Note: For this step a valid grid proxy is required!
$ ./upload-tar Checksumming tarball contents Generating ${ARCHIVE}-0001.tar Uploading ${ARCHIVE}-0001.tar guid:86f11fb4-9b57-4fae-a787-8019663e248c Moving ${ARCHIVE}-0001.tar.lst and ${ARCHIVE}-0001.tar.md5sum to directory "done" Checksumming tarball contents Generating ${ARCHIVE}-0002.tar Uploading ${ARCHIVE}-0002.tar ... Generating ${ARCHIVE}-0072.tar Uploading ${ARCHIVE}-0072.tar guid:e6781de9-9709-4bf6-a019-b5fa4a1fb3c8 Moving ${ARCHIVE}-0072.tar.lst and ${ARCHIVE}-0072.tar.md5sum to directory "done"
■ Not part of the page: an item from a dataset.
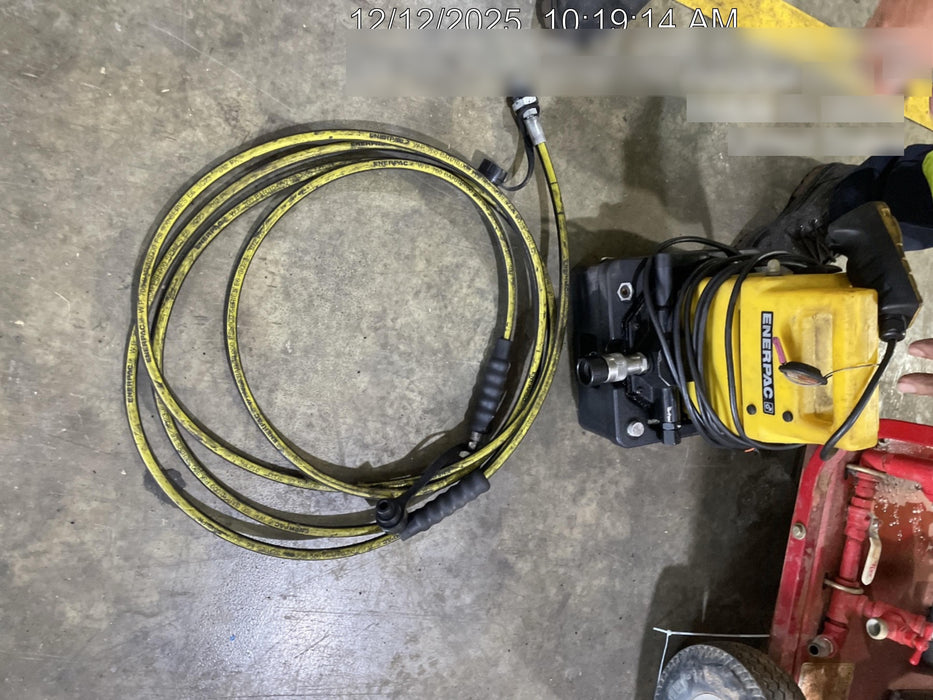 2024 ENERPAC PUJ1200B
For each tarball that is successfully processed the '${ARCHIVE}-<N>.tar.lst' file is moved to a separate directory 'done' . This way the 'upload-tar' script can be stopped and restarted at will, as it will continue processing '${ARCHIVE}-<N>.tar.lst' files until all have been moved to the 'done' directory.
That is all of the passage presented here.